There are 10 races left to set the field, and there are big names in danger of missing the cut.

Among them is Carl Edwards, who wouldn't be eligible if the Chase began today. A year after tying Tony Stewart in the standings and losing the championship on a tiebreaker, Edwards could very well be a spectator if this "hangover season" doesn't turn around quickly.

Recent history has shown that the driver who loses the championship battle suffers through a slump the next season. Nobody had it worse than Denny Hamlin, who lost the 2010 championship to Jimmie Johnson in the season finale and struggled most of last year.

Even Edwards has been through this before: He won nine races in 2008 as the runner-up to Johnson, and went winless the next year while finishing 11th in the Chase field. Mark Martin failed to make the Chase in 2010 after finishing second to Johnson, and Jeff Gordon wasn't nearly as competitive in 2008 — he went winless and finished seventh in the final standings — after going down to the wire with Johnson in the championship race.

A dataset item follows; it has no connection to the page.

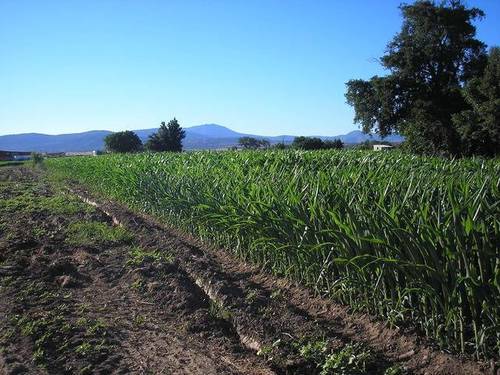 imagen 4 de Venta de huerta junto al río en Moraleja (Cáceres)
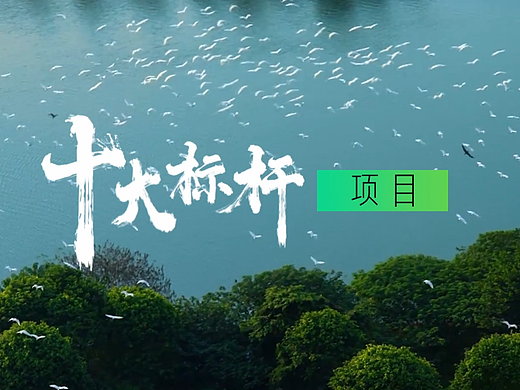 丹灶《十大标杆项目》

So here Edwards sits, 16 races into this season, struggling to be a factor at the same time Roush Fenway Racing teammates Matt Kenseth and Greg Biffle sit 1-2 in the standings with one win apiece.

He's not alone, though.

Kyle Busch is in a horrendous stretch of bad luck: Before Sunday's 17th-place finish at Sonoma, he had three consecutive engine failures and he's currently 12th in points. He would make the Chase as a wild card if the field was set today based on his victory earlier this season at Richmond, but he has a bunch of one-win drivers breathing down his neck.

Among them is Ryan Newman, the winner at Martinsville who is 13th in points and would be the second wild card today. Newman is followed by Joey Logano, the Pocono winner who is 15th in the standings, and Kasey Kahne, the Charlotte winner ranked 17th.

That drops Edwards down to fifth in the current wild card standings.

And remember, Keselowski with his two wins doesn't even think he's safe. He has just an 11-point lead on 11th-place Edwards, and should he fall a spot or two in the standings, he would suddenly be battling every driver with one win to get a wild card.

That means Martin Truex Jr. isn't in the clear, either. He is ninth in points, but winless and could fall into Edwards' territory.

Keselowski is probably in good shape, since it is unlikely that both wild-card drivers will have two wins each — they are more likely to be in the top 10 in points.

But Edwards needs to get moving. Busch's bad luck has to end soon, and Logano and Newman are both in free-agent years needing a strong summer push to lock down 2013 jobs. Kahne is with powerful Hendrick Motorsports, and a horrendous start to the season has him presently 14th in points. But at just 69 points outside the top 10, he could come charging along at any time.

It's going to get interesting over the next 10 weeks and this race to make the Chase could very well give NASCAR a big boost through the summer.